(Items from a dataset)
• • • •
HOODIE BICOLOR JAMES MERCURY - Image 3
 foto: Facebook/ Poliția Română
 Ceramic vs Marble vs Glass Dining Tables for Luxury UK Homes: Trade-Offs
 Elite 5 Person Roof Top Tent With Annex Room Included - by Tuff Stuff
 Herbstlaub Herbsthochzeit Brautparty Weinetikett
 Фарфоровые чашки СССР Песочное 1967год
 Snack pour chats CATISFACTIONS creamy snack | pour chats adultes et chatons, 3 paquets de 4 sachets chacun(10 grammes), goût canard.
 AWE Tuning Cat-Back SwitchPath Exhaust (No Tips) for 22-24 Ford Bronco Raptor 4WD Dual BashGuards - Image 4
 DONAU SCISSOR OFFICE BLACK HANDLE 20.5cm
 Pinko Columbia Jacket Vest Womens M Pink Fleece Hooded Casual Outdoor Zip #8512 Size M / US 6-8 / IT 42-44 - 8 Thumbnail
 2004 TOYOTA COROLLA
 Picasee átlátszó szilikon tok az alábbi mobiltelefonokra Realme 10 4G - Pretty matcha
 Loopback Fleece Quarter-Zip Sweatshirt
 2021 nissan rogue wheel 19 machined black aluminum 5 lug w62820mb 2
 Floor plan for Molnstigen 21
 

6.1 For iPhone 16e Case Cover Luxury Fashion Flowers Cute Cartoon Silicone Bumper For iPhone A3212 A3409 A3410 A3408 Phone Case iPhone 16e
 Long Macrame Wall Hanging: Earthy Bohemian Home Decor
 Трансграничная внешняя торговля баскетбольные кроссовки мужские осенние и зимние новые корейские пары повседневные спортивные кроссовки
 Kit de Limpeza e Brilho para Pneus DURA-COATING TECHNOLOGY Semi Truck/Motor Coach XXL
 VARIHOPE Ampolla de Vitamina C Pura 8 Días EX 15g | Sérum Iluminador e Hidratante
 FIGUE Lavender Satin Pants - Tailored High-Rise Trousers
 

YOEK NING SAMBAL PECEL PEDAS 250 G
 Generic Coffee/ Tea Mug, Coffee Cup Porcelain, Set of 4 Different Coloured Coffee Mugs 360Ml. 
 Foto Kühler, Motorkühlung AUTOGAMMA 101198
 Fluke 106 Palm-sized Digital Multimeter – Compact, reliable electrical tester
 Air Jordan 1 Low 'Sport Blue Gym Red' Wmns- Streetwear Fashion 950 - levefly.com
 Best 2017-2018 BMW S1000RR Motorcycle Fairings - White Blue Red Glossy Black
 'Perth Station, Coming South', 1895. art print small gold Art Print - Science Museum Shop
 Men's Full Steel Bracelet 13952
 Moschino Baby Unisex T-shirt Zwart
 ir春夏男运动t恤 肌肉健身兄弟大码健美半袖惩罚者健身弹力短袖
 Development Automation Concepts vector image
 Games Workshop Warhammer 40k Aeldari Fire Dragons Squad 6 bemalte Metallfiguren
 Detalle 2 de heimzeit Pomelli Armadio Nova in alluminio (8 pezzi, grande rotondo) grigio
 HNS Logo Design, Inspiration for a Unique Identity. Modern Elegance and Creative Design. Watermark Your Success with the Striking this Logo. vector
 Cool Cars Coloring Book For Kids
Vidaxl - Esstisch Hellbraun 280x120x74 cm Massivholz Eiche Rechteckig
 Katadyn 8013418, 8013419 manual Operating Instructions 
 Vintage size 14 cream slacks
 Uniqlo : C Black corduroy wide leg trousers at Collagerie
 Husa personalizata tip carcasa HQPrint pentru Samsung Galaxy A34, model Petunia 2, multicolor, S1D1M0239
• • • •
Every entry, from first to last, is to be reproduced exactly.

## SOLUTION TO THE PROBLEM
HOODIE BICOLOR JAMES MERCURY - Image 3
 foto: Facebook/ Poliția Română
 Ceramic vs Marble vs Glass Dining Tables for Luxury UK Homes: Trade-Offs
 Elite 5 Person Roof Top Tent With Annex Room Included - by Tuff Stuff
 Herbstlaub Herbsthochzeit Brautparty Weinetikett
 Фарфоровые чашки СССР Песочное 1967год
 Snack pour chats CATISFACTIONS creamy snack | pour chats adultes et chatons, 3 paquets de 4 sachets chacun(10 grammes), goût canard.
 AWE Tuning Cat-Back SwitchPath Exhaust (No Tips) for 22-24 Ford Bronco Raptor 4WD Dual BashGuards - Image 4
 DONAU SCISSOR OFFICE BLACK HANDLE 20.5cm
 Pinko Columbia Jacket Vest Womens M Pink Fleece Hooded Casual Outdoor Zip #8512 Size M / US 6-8 / IT 42-44 - 8 Thumbnail
 2004 TOYOTA COROLLA
 Picasee átlátszó szilikon tok az alábbi mobiltelefonokra Realme 10 4G - Pretty matcha
 Loopback Fleece Quarter-Zip Sweatshirt
 2021 nissan rogue wheel 19 machined black aluminum 5 lug w62820mb 2
 Floor plan for Molnstigen 21
 

6.1 For iPhone 16e Case Cover Luxury Fashion Flowers Cute Cartoon Silicone Bumper For iPhone A3212 A3409 A3410 A3408 Phone Case iPhone 16e
 Long Macrame Wall Hanging: Earthy Bohemian Home Decor
 Трансграничная внешняя торговля баскетбольные кроссовки мужские осенние и зимние новые корейские пары повседневные спортивные кроссовки
 Kit de Limpeza e Brilho para Pneus DURA-COATING TECHNOLOGY Semi Truck/Motor Coach XXL
 VARIHOPE Ampolla de Vitamina C Pura 8 Días EX 15g | Sérum Iluminador e Hidratante
 FIGUE Lavender Satin Pants - Tailored High-Rise Trousers
 

YOEK NING SAMBAL PECEL PEDAS 250 G
 Generic Coffee/ Tea Mug, Coffee Cup Porcelain, Set of 4 Different Coloured Coffee Mugs 360Ml. 
 Foto Kühler, Motorkühlung AUTOGAMMA 101198
 Fluke 106 Palm-sized Digital Multimeter – Compact, reliable electrical tester
 Air Jordan 1 Low 'Sport Blue Gym Red' Wmns- Streetwear Fashion 950 - levefly.com
 Best 2017-2018 BMW S1000RR Motorcycle Fairings - White Blue Red Glossy Black
 'Perth Station, Coming South', 1895. art print small gold Art Print - Science Museum Shop
 Men's Full Steel Bracelet 13952
 Moschino Baby Unisex T-shirt Zwart
 ir春夏男运动t恤 肌肉健身兄弟大码健美半袖惩罚者健身弹力短袖
 Development Automation Concepts vector image
 Games Workshop Warhammer 40k Aeldari Fire Dragons Squad 6 bemalte Metallfiguren
 Detalle 2 de heimzeit Pomelli Armadio Nova in alluminio (8 pezzi, grande rotondo) grigio
 HNS Logo Design, Inspiration for a Unique Identity. Modern Elegance and Creative Design. Watermark Your Success with the Striking this Logo. vector
 Cool Cars Coloring Book For Kids
Vidaxl - Esstisch Hellbraun 280x120x74 cm Massivholz Eiche Rechteckig
 Katadyn 8013418, 8013419 manual Operating Instructions 
 Vintage size 14 cream slacks
 Uniqlo : C Black corduroy wide leg trousers at Collagerie
 Husa personalizata tip carcasa HQPrint pentru Samsung Galaxy A34, model Petunia 2, multicolor, S1D1M0239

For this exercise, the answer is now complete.